■ WHAT TO WORK ON
Please copy out the entries below exactly, beginning with the line that contains "Used 2026 Toyota Camry LE FWD image 26" and ending with the line that contains "aanleg flagstones in een tuin", and include nothing outside that span.

*** EXTRACTED MATERIAL Section Begins ***

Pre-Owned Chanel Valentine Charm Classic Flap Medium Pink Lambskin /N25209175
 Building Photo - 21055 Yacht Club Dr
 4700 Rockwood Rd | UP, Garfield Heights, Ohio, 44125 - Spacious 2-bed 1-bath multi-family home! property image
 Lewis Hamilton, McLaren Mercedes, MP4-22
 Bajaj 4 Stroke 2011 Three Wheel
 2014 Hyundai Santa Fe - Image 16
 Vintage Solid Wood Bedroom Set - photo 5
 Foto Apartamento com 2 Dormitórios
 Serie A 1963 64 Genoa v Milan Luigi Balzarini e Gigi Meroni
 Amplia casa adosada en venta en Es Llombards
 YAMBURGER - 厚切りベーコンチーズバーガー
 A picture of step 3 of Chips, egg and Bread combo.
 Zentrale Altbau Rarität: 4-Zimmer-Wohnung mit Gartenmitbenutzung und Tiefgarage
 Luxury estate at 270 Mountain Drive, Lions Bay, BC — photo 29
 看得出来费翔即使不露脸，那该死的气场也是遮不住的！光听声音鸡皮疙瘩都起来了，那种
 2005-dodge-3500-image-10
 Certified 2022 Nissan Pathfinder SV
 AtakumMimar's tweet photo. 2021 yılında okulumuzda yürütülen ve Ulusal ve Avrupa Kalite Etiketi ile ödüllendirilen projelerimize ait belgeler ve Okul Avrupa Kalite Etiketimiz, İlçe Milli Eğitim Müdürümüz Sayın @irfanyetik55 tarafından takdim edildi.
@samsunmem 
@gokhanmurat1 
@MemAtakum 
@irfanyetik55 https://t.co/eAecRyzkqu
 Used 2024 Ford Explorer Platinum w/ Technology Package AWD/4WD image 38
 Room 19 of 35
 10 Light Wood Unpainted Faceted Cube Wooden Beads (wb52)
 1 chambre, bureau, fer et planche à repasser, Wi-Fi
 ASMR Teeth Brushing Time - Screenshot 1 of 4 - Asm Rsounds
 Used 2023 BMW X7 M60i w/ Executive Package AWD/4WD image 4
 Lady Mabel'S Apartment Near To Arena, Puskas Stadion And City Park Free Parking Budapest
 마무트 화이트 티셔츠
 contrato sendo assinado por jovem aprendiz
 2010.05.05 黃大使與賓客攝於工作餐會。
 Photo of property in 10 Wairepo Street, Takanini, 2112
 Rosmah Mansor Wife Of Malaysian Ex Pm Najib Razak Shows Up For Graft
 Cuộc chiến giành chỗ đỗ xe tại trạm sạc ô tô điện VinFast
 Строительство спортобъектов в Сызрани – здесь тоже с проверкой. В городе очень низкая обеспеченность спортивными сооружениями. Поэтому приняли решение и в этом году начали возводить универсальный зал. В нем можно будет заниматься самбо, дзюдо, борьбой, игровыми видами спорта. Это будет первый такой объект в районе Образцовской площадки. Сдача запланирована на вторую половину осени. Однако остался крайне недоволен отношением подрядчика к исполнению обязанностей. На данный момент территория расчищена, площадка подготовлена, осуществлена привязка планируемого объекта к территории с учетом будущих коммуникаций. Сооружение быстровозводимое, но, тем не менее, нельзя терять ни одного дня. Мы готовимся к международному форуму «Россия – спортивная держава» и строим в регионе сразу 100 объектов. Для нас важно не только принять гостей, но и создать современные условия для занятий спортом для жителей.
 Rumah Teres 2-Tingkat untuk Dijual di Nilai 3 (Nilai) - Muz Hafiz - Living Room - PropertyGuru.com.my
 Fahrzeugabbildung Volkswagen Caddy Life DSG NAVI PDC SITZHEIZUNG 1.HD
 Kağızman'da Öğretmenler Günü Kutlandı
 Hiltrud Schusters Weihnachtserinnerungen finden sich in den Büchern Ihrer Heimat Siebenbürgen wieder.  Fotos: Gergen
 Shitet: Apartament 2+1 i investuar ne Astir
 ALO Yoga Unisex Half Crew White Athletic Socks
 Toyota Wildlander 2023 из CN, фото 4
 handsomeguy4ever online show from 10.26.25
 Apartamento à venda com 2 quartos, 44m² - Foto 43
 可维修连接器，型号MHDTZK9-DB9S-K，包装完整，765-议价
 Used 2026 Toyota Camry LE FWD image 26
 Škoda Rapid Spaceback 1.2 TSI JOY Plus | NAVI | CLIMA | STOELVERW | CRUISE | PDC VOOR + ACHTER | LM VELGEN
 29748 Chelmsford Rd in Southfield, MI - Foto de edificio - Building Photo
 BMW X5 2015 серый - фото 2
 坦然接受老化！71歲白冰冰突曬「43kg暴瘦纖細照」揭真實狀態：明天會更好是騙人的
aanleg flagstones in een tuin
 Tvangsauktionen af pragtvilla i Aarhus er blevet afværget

*** EXTRACTED MATERIAL Section Ends ***

■ TASK RESPONSE
 Used 2026 Toyota Camry LE FWD image 26
 Škoda Rapid Spaceback 1.2 TSI JOY Plus | NAVI | CLIMA | STOELVERW | CRUISE | PDC VOOR + ACHTER | LM VELGEN
 29748 Chelmsford Rd in Southfield, MI - Foto de edificio - Building Photo
 BMW X5 2015 серый - фото 2
 坦然接受老化！71歲白冰冰突曬「43kg暴瘦纖細照」揭真實狀態：明天會更好是騙人的
aanleg flagstones in een tuin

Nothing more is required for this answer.